From Wiki: After the acquisition of National Semiconductor in 2011, the company has a combined portfolio of nearly 45,000 analog products and customer design tools,[8] making it the world's largest maker of analog technology components. In 2011, Texas Instruments ranked 175 in the Fortune 500. TI is made up of two main divisions: Semiconductors (SC) and Educational Technology (ET) of which Semiconductor products account for approximately 96% of TI's revenue.

Sort of like how 3M doesn't make the products you buy, it makes the products you buy better. It's funny that we think of them only for their calculators, when that is less than 4% of what the company does. Then again, lots of people would assume that IBM doesn't do anything these days, since they divested of making PCs.
 
2013-01-29 09:59:18 PM

ProfessorOhki: Mikey1969: As for TI, what do they make besides calculators anymore? I honestly can't think of what I've seen their name on.

An absolute assload of microcontrollers, DSPs, processors, amplifiers, etc, etc. It's just that their names aren't on consumer products anymore, they're inside them.

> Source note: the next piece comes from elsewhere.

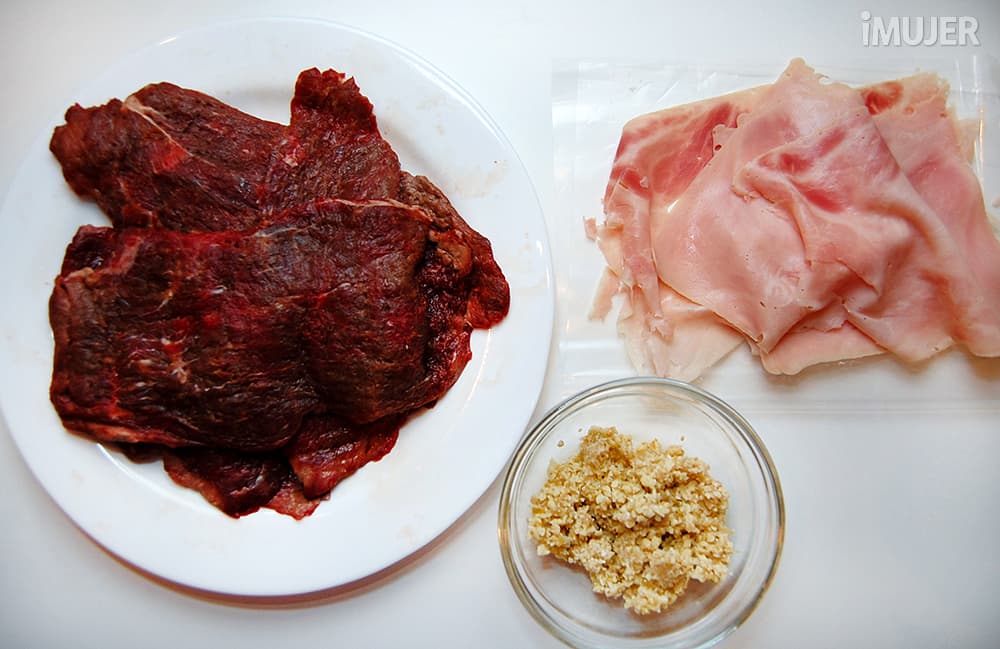 Receta de bifes arrollados con salsa para preparar un almuerzo delicioso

Yup. The Kindle Fire tablets and Galaxy Nexus phones both run TI OMAP chips.
 
2013-01-29 11:33:46 PM

Mikey1969: Theaetetus: [www.fastcodesign.com image 685x500]
If those were all hot-swappable drives/accessory modules in a dock, I think that'd be really slick.

I was thinking the same thing. That's a design I would be interested in seeing nowdays. How cool would it be if every board on the computer had an enclosure like that? Even a video card would be a breeze, not hot-swappable, of course(Unless it had onboard video just for swaps), but you power down, open the enclosure and swap cards. It would be faster than now.

I'd be interested in an updated version of this design. Modular is cool....


http://assets.hardwaresphere.com/uploads/2009/12/ThermalTake-Level-10- BMW-designed-PC-case.jpg
 
2013-01-29 11:34:47 PM
Ok so my iPhone decided not to post the HTML on that so copy and paste the address
 
2013-01-30 01:22:10 AM
The modular design is lovely. Did you notice that one of the modules was an Apple II? The world would have looked very different had things gone this direction: "Bob, check out the Atari module I got for my Mac!" "Meh. I've got both the Amiga and the CoCo modules." If they could have run in parallel, with simple screen switching or something like DesqView (gotta think of what could be done back in the day). That would have been cool. Expensive as can be, but cool.